# [EXERCISE PROMPT]
Could you repeat exactly the lines below, from the line containing "this 480×384 image." through the last one, both included, while leaving out any pictures?

# [DATA SHOWN]

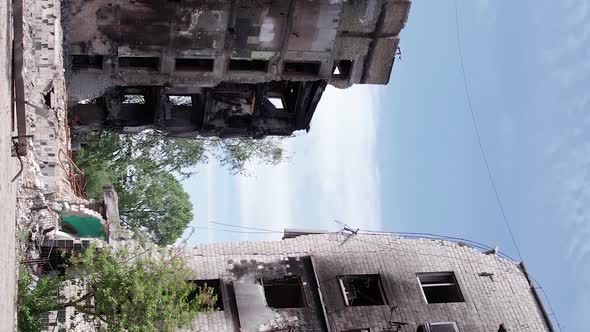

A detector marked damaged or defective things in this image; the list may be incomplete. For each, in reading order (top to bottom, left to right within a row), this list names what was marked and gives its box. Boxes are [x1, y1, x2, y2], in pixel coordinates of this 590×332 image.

damaged brick facade [61, 0, 412, 137]
burnt window opening [332, 59, 352, 79]
burnt window opening [188, 280, 225, 312]
burnt window opening [262, 274, 306, 308]
broken window frame [264, 274, 310, 308]
burnt window opening [338, 274, 388, 308]
broken window frame [340, 274, 390, 308]
damaged brick facade [184, 232, 556, 332]
burnt window opening [418, 272, 464, 304]
broken window frame [418, 272, 464, 304]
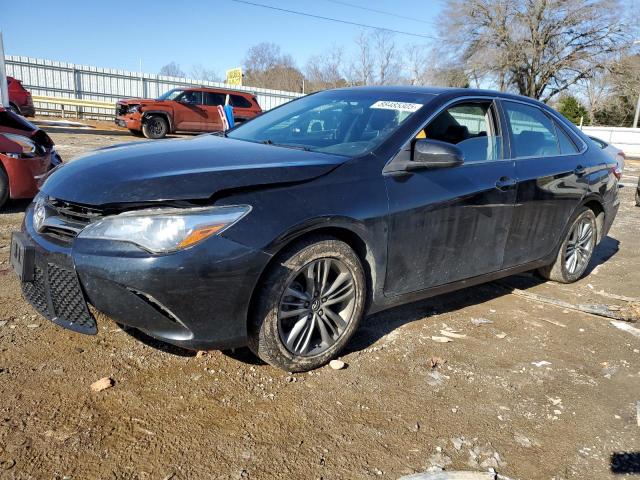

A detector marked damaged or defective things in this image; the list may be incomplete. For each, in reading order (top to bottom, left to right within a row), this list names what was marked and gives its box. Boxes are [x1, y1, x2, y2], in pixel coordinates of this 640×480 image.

damaged red car [0, 108, 60, 209]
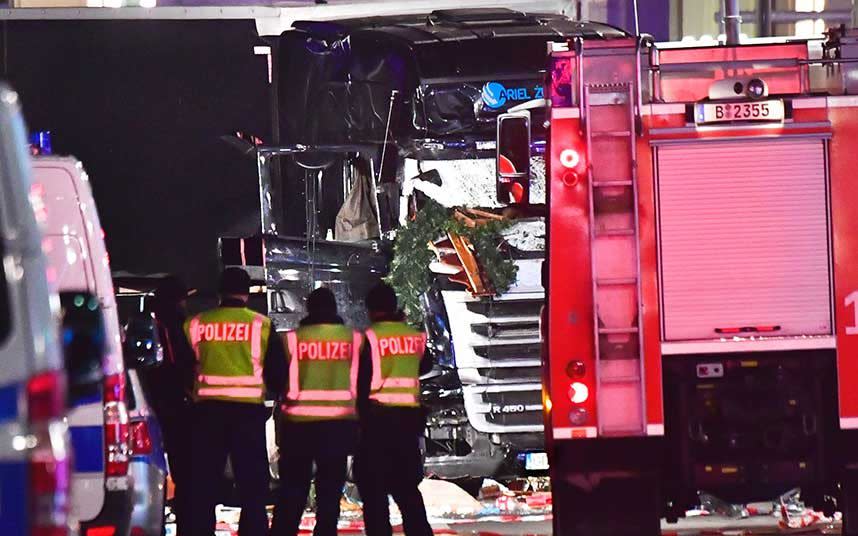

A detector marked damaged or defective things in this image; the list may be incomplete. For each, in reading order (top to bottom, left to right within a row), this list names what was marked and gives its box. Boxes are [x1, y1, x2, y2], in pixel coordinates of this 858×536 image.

damaged truck cab [224, 8, 624, 480]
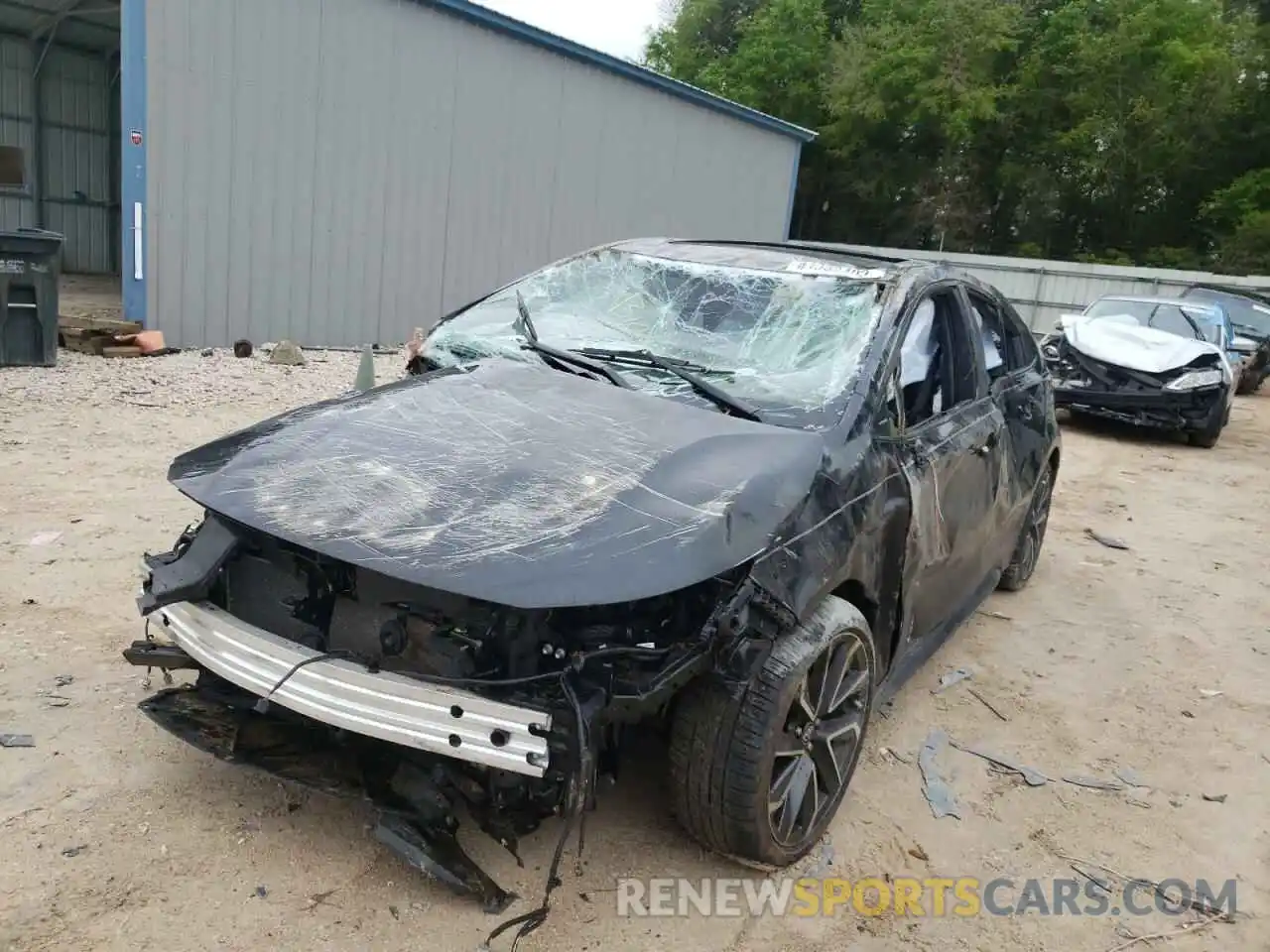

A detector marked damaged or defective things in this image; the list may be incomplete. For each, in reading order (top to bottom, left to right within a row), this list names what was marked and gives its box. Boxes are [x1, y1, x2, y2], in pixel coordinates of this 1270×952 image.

shattered windshield [424, 246, 883, 428]
damaged front end [1041, 329, 1229, 431]
crushed car hood [1056, 313, 1223, 373]
crushed car hood [166, 360, 823, 606]
missing front bumper [137, 604, 551, 776]
exposed bumper reinforcement bar [145, 599, 551, 776]
damaged front end [126, 515, 762, 934]
wrecked black sedan [126, 238, 1062, 939]
damaged silver car [126, 239, 1062, 949]
dark blue damaged car [128, 237, 1062, 934]
broken plastic debris [919, 731, 954, 822]
broken plastic debris [935, 664, 969, 695]
broken plastic debris [954, 741, 1051, 786]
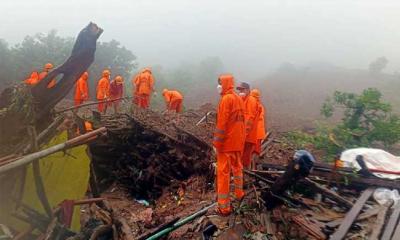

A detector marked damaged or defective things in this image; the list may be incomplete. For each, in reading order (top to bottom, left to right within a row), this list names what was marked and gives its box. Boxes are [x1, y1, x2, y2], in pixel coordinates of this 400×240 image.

broken timber [328, 188, 376, 240]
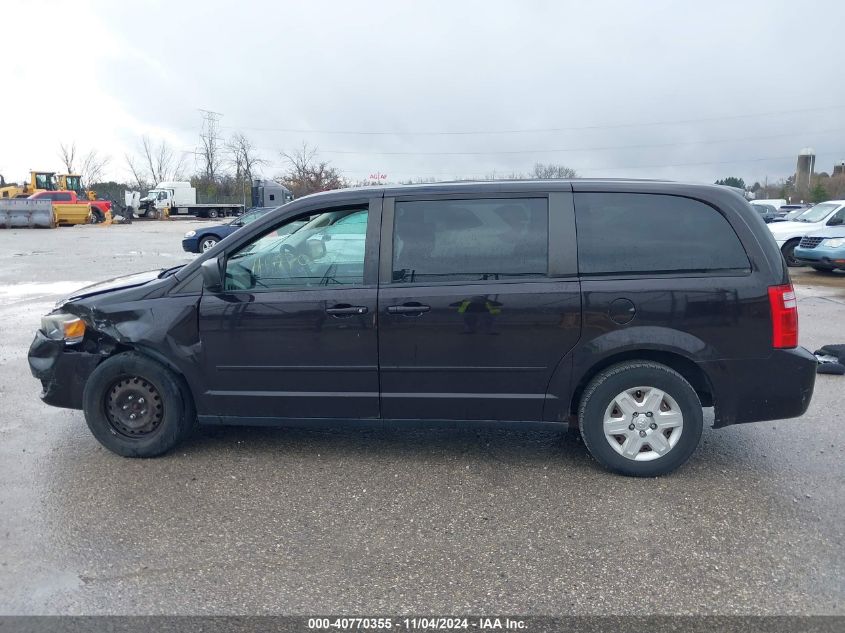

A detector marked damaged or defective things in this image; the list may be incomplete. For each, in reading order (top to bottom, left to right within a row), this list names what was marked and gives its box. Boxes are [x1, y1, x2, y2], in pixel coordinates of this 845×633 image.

dented hood [60, 268, 170, 304]
damaged front bumper [28, 330, 102, 410]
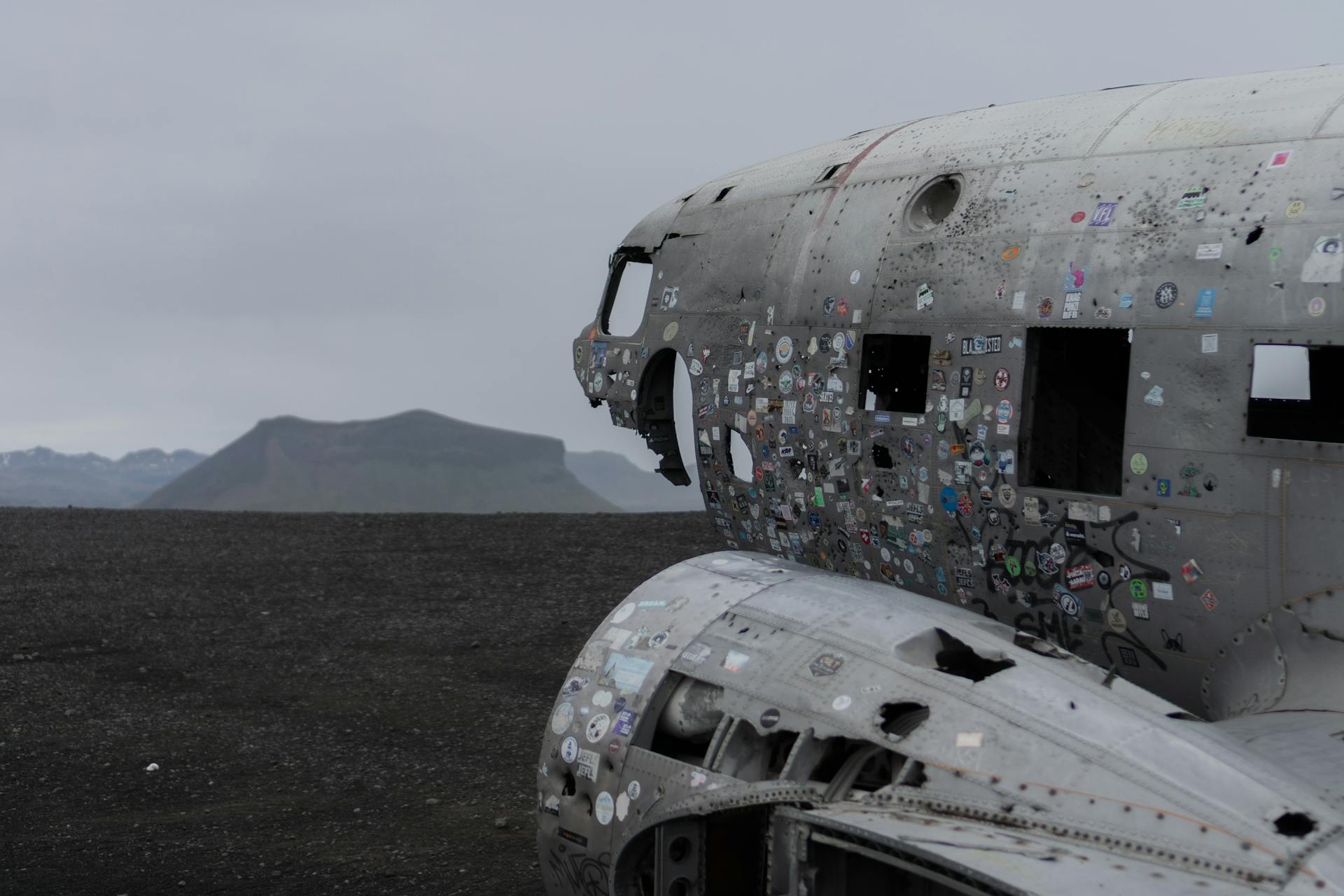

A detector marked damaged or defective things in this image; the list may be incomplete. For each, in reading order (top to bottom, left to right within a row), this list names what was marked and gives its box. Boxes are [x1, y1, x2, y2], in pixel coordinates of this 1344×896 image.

crashed airplane fuselage [543, 66, 1344, 890]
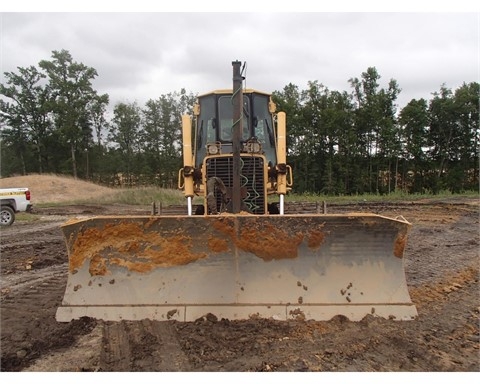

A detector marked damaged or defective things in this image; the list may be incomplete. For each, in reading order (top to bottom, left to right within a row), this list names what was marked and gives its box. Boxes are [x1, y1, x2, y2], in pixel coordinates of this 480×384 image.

rust stain [65, 219, 206, 272]
rusty blade surface [55, 214, 416, 322]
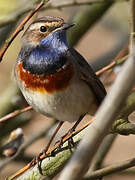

# [ANSWER AREA]
A detector marked damaged or defective things in this image; the list may be incomplete. For each, in reading order (top to bottom, left to right within a row), this list names what was marked and gives its box. Boxes are [x1, y1, x2, y2], in pixel coordinates of this 480×384 image.

rust stain [65, 219, 206, 272]
rusty blade surface [55, 214, 416, 322]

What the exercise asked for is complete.